* Stored items from a collection *
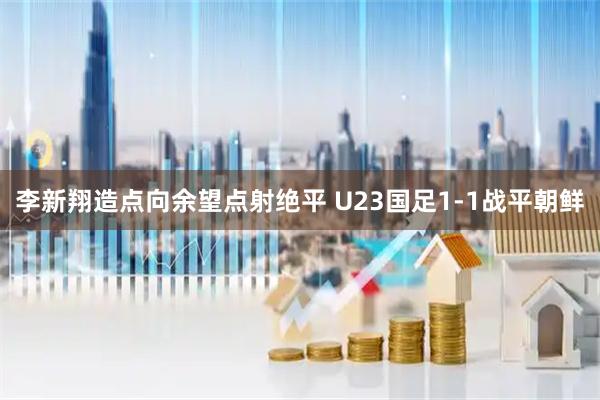 李新翔造点向余望点射绝平 U23国足1-1战平朝鲜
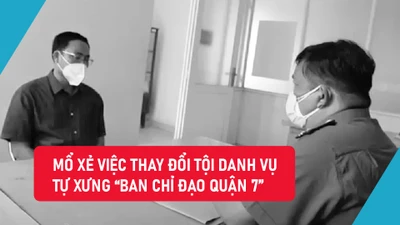 Đổi tội danh vụ xưng “Ban chỉ đạo quận 7“: Miễn cưỡng hậu quả khó lường! 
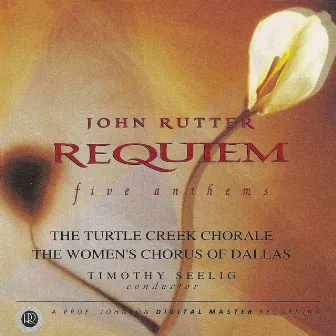 Requiem - Five Anthems by The Women's Chorus of Dallas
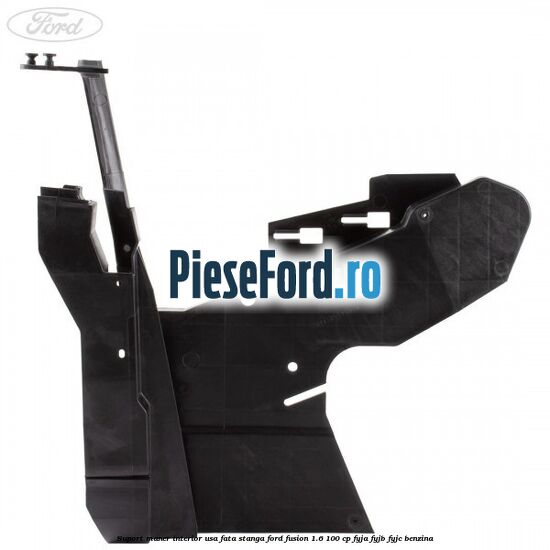 Suport maner interior usa fata stanga Ford Fusion 1.6 100 cp FYJA, FYJB, FYJC benzina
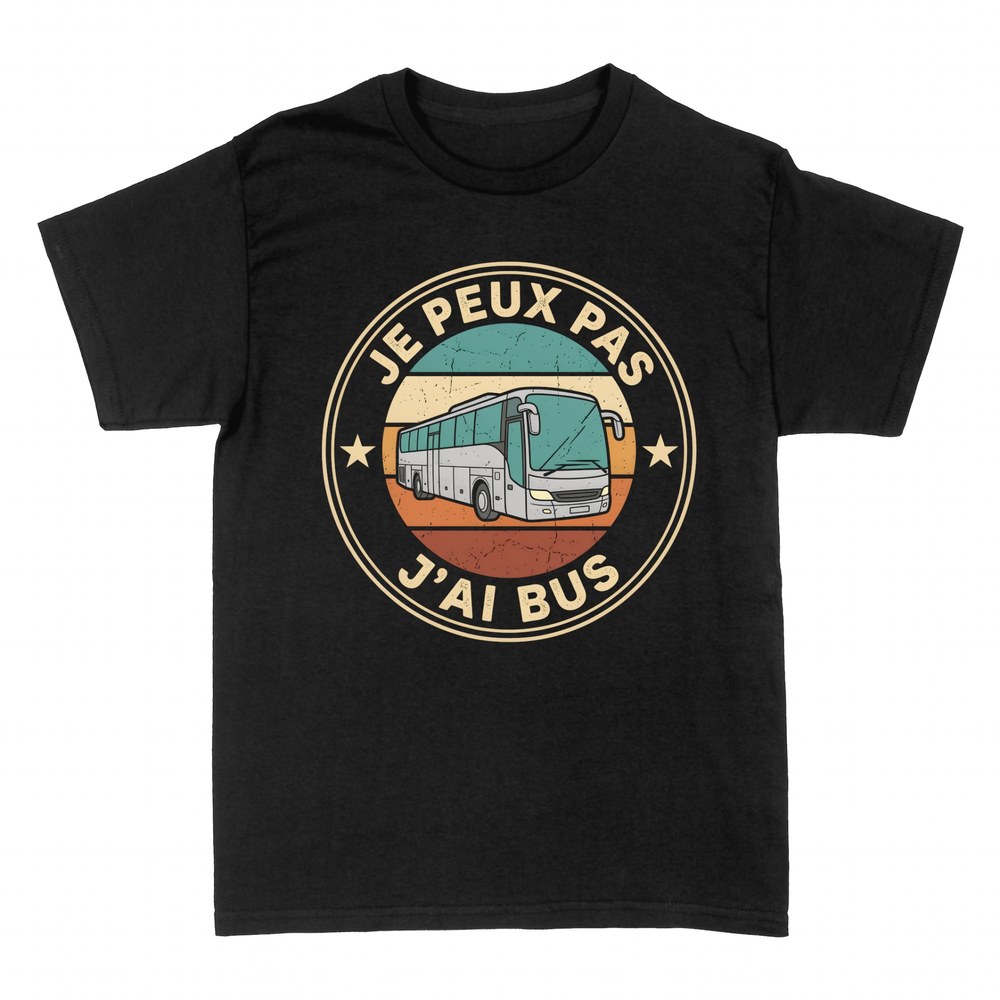 T-shirts: Je Peux Pas J'ai Bus - Chauffeur Humour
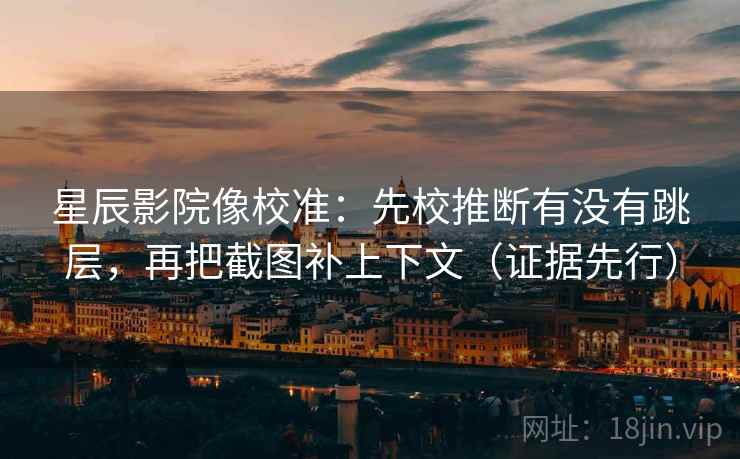 星辰影院像校准:先校推断有没有跳层,再把截图补上下文(证据先行)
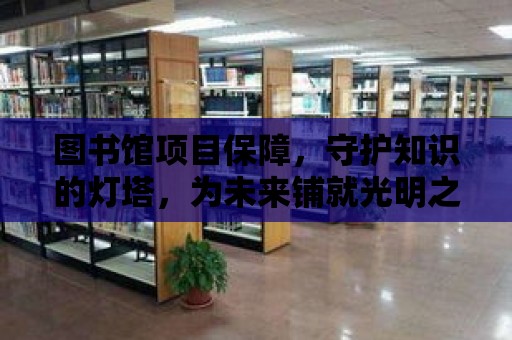 圖書館項目保障，守護知識的燈塔，為未來鋪就光明之路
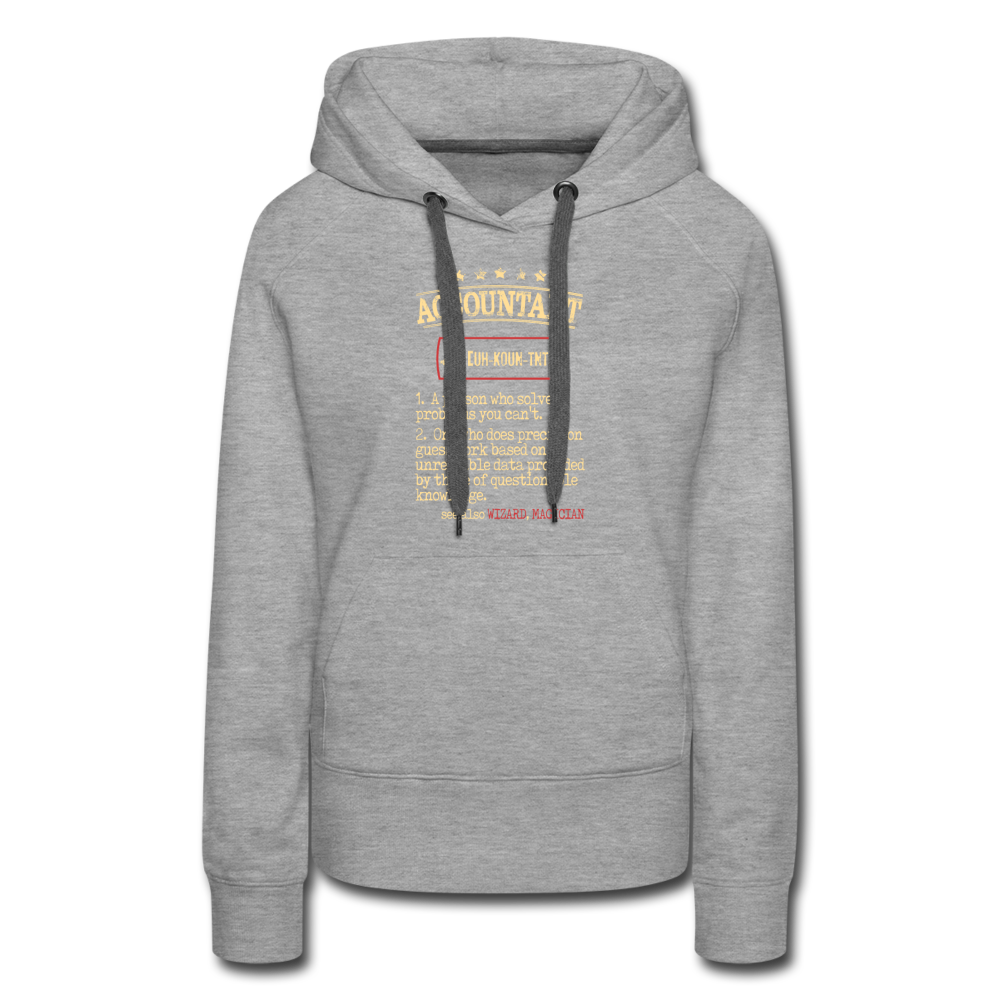 Accountant see also WIZARD, MAGICIAN Women’s Premium Hoodie - heather grey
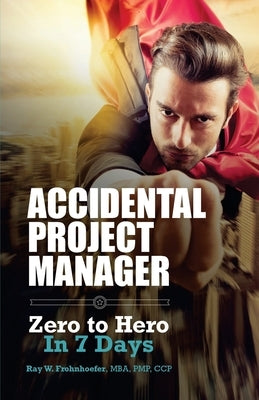 Accidental Project Manager: Zero to Hero in 7 Days Paperback Createspace Independent Publishing Platform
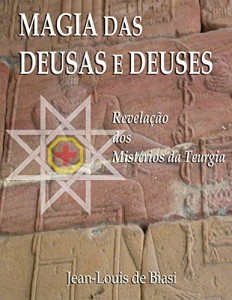 Baixar MAGIA DAS DEUSAS E DEUSES: Revelação dos Mistérios da Teurgia pdf, epub, eBook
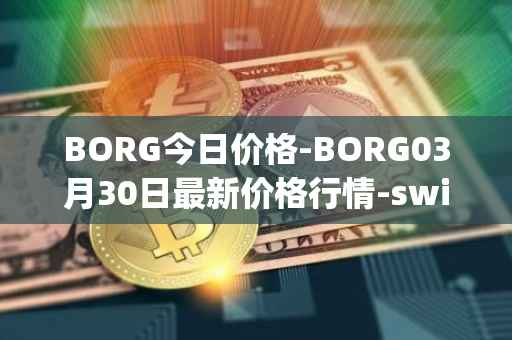 BORG今日价格-BORG03月30日最新价格行情-swissborg最新走势消息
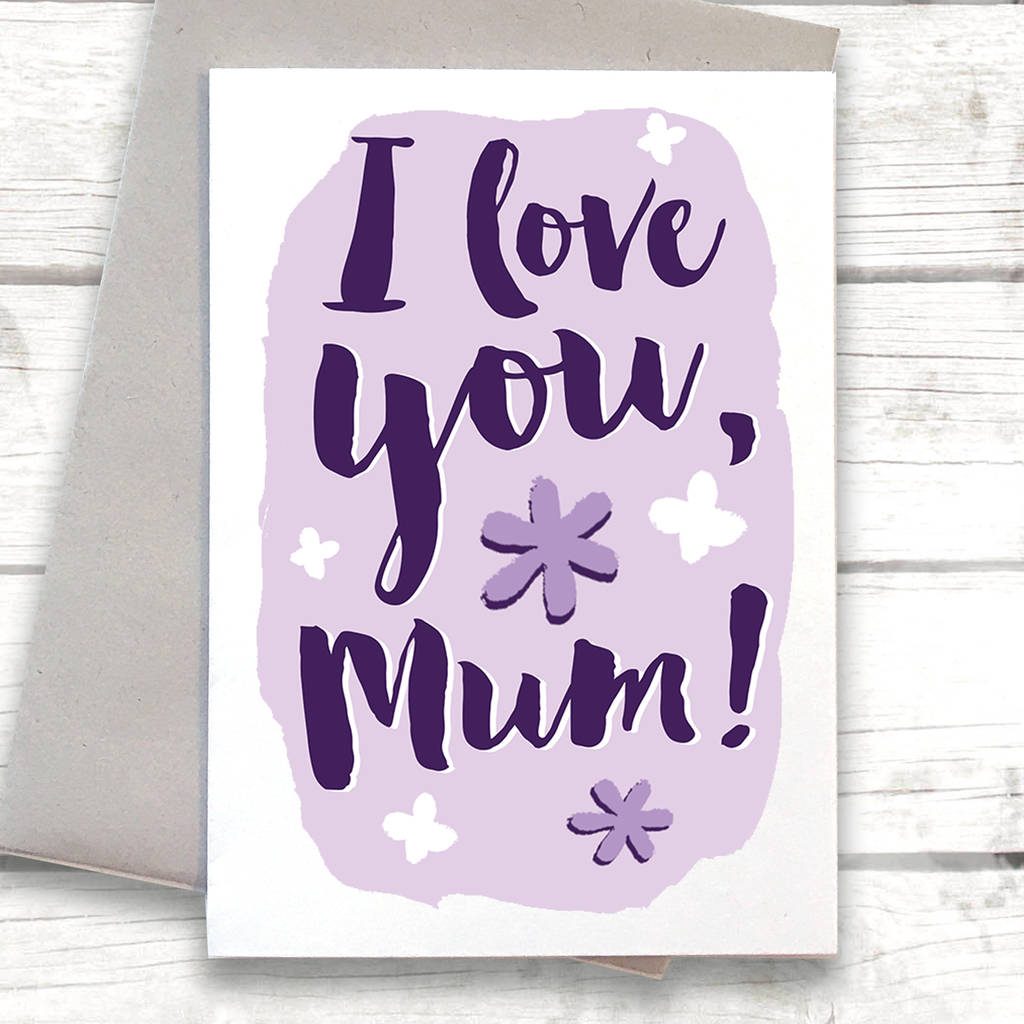 I Love You Mum Mother S Day Card By Alexia Claire Notonthehighstreet Com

* THE TASK *
Give back, word for word, the lines from the one with "T-shirts: Je Peux" to the end of the records above, and no pictures.

* ANSWER TO THIS EXERCISE *
 T-shirts: Je Peux Pas J'ai Bus - Chauffeur Humour
 星辰影院像校准:先校推断有没有跳层,再把截图补上下文(证据先行)
 圖書館項目保障，守護知識的燈塔，為未來鋪就光明之路
 Accountant see also WIZARD, MAGICIAN Women’s Premium Hoodie - heather grey
 Accidental Project Manager: Zero to Hero in 7 Days Paperback Createspace Independent Publishing Platform
 Baixar MAGIA DAS DEUSAS E DEUSES: Revelação dos Mistérios da Teurgia pdf, epub, eBook
 BORG今日价格-BORG03月30日最新价格行情-swissborg最新走势消息
 I Love You Mum Mother S Day Card By Alexia Claire Notonthehighstreet Com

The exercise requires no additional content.